Au Québec, le CLC compte très peu d’alliés dans la législature provinciale, on le comprendra.    



Alain Rayes, lieutenant politique pour le Québec du Parti conservateur du Canada

PHOTO D'ARCHIVES, JEAN-FRANÇOIS DESGAGNÉS

Alain Rayes, lieutenant politique pour le Québec du Parti conservateur du Canada




Dissonances conservatrices  


La journaliste Althia Raj a rappelé dans un texte du Huffington Post Canada, hier, à quel point il y a confusion chez les conservateurs sur cette question.   


Confusion ou... malaise.  


Le lieutenant québécois du chef conservateur Andrew Scheer, le député Alain Reyes, pourrait bien avoir induit en erreur plus d’une candidate pressentie.
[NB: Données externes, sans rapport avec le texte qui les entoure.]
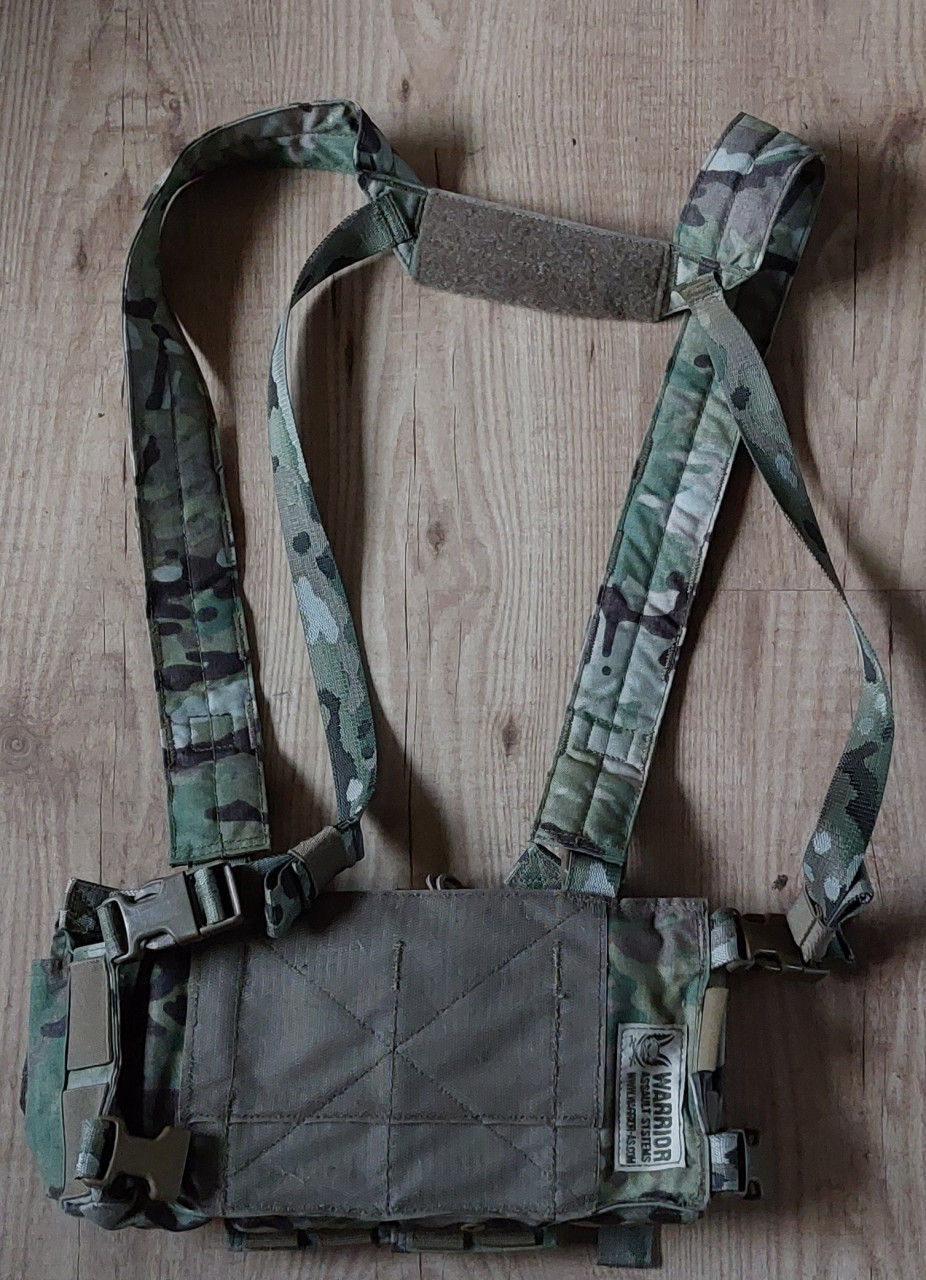 Diverse airsoft artikelen te koop Warrior Ass Pathfinder Chest rig Multicam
Car si l’ex-athlète olympique Sylvie Fréchette, ayant affirmé que les conservateurs ne reviendraient pas sur le débat de l’avortement, a été contredite dans la journée par son parti, elle n’est pas la seule dans son parti à s’être fait prendre.  
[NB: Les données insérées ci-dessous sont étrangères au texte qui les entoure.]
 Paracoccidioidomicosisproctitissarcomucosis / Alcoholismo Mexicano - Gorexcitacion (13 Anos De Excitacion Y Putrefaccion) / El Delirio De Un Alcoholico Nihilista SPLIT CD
Par exemple, toujours selon Althia Raj, qui cite la journaliste Catherine Lévesque, les candidates Isabelle Lapointe (La Prairie) et Jessica Ébacher (Drummond) s’étaient aussi fait promettre que leur parti ne rouvrirait pas ce débat.  


Constatant cette dissonance, le bureau du chef conservateur a rectifié le tir. Car ailleurs au Canada, c’est l’inverse qui se produit. On y approche certains candidats en leur promettant, notamment, qu’ils pourront voter ou proposer des projets de loi selon leur «conscience» dans un cas comme celui du droit à l’avortement.  


Pas de surprise ici, comme l’explique Althia Raj. Si Andrew Scheer a réussi à gagner la chefferie du Parti conservateur, c'est, entre autres, grâce à l’appui de lobbys anti-avortement.   


Ironiquement, celui qu’il a défait, Maxime Bernier, aujourd’hui à la tête de son propre parti, n’hésite pas à utiliser le débat sur l’avortement comme un atout pour attirer des candidats anti-choix.   


Rappelons que, selon un sondage Léger publié il y a un an exactement aujourd’hui, 86% des Québécoises et des Québécois croient que l’avortement devrait être légal.  


On comprendra aisément le malaise qui existe au sein des troupes conservatrices au Québec. Car il y a dissonance majeure entre les intérêts de ce parti ailleurs au Canada, où l’on ne rechigne pas à s’allier avec des orthodoxes religieux anti-avortement quand cela fait poindre des gains électoraux, et la situation au Québec.  


Les conservateurs se le feront rappeler tout au long de la campagne, d’ailleurs. Sylvie Fréchette devra assumer son choix.